- Dataset section:

++++++

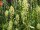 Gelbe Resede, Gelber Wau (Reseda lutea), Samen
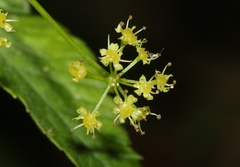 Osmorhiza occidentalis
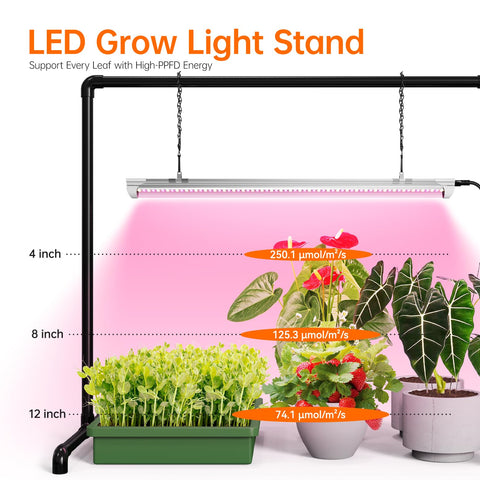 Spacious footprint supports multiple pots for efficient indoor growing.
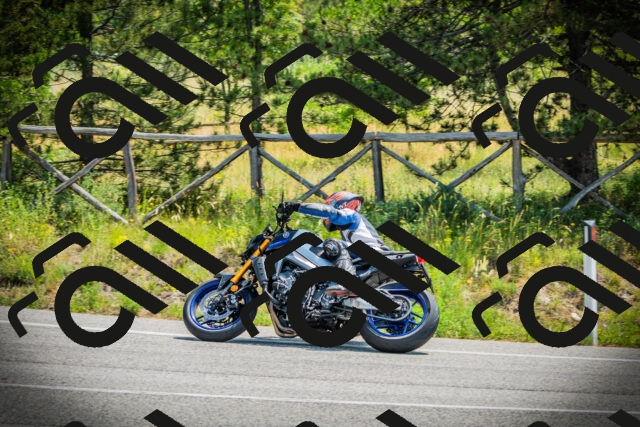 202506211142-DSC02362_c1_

++++++

- Problem to solve:
Retype the whole listing word for word. Skip the pictures.

- Solution for this exercise:
 Gelbe Resede, Gelber Wau (Reseda lutea), Samen
 Osmorhiza occidentalis
 Spacious footprint supports multiple pots for efficient indoor growing.
 202506211142-DSC02362_c1_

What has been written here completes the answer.